=== Exercise ===
Copy each entry verbatim, excluding its images.

Stored data entries
════════
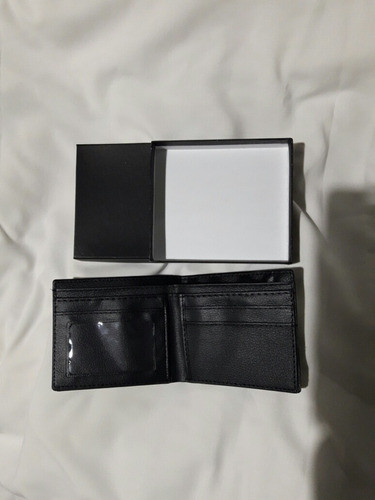 Billeteras Nuevas Buena Terminacion C/estuche Para Obsequio 1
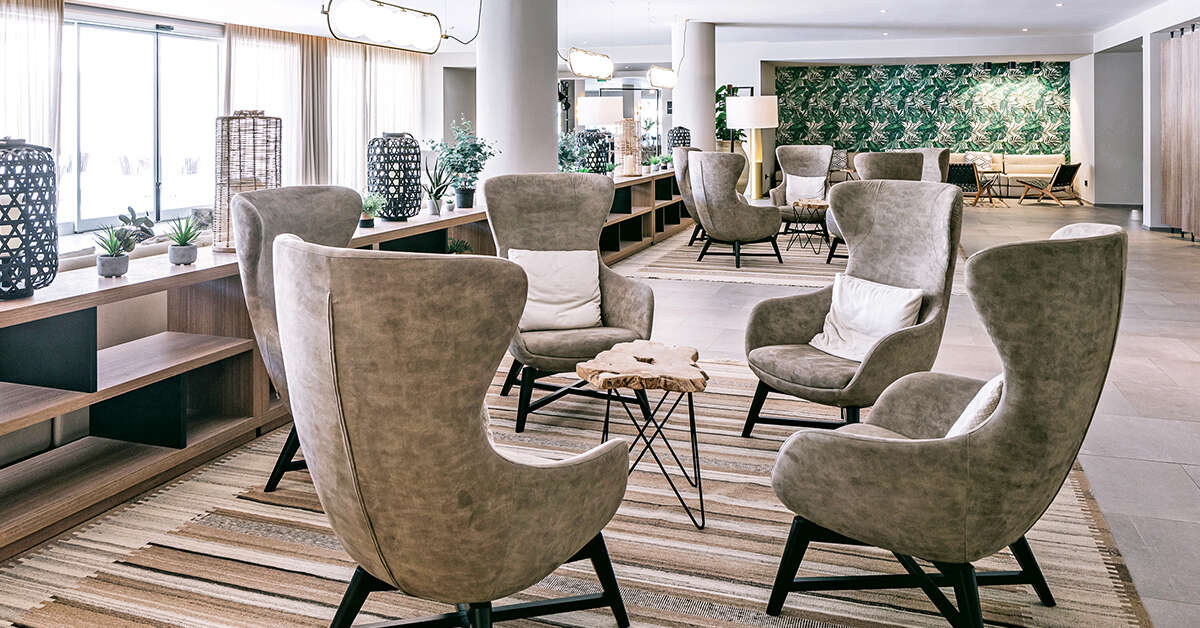 Een foto van Mangia's Himera Resort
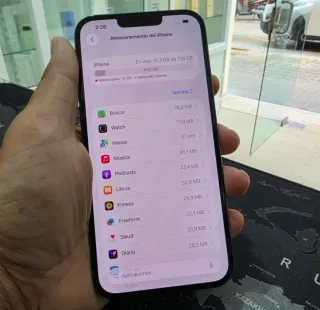 Apple iPhone 13 Pro Max 128GB Sierra Blue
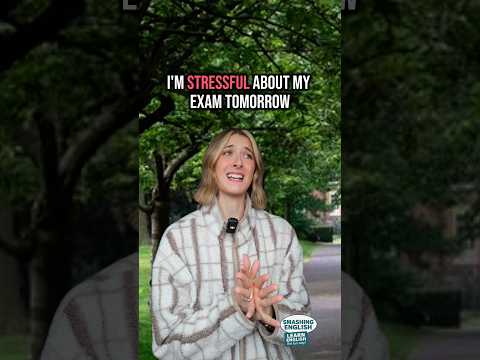 Common #English Mistake! ❌ #learnenglish #englishlearning #englishlearners #englishfluency #ielts thumbnail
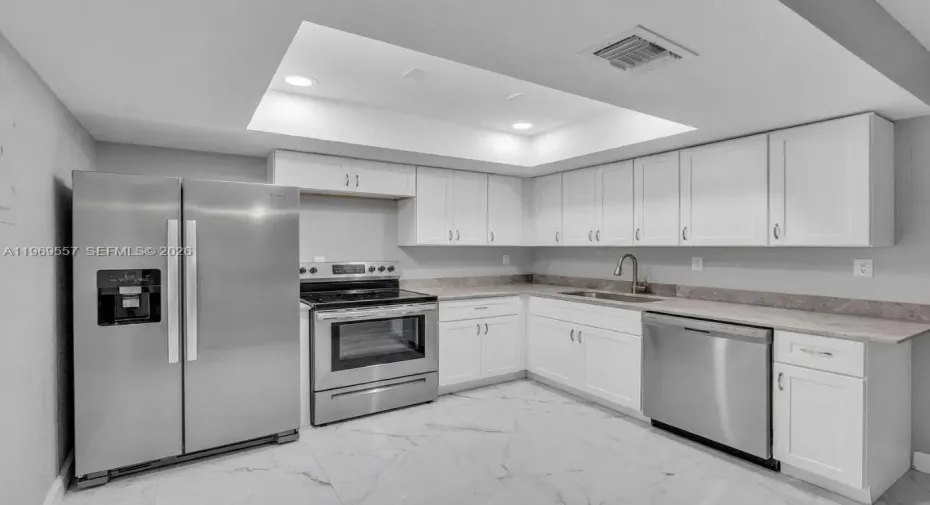 Appliances Virtually Staged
════════
=== Answer section ===
 Billeteras Nuevas Buena Terminacion C/estuche Para Obsequio 1
 Een foto van Mangia's Himera Resort
 Apple iPhone 13 Pro Max 128GB Sierra Blue
 Common #English Mistake! ❌ #learnenglish #englishlearning #englishlearners #englishfluency #ielts thumbnail
 Appliances Virtually Staged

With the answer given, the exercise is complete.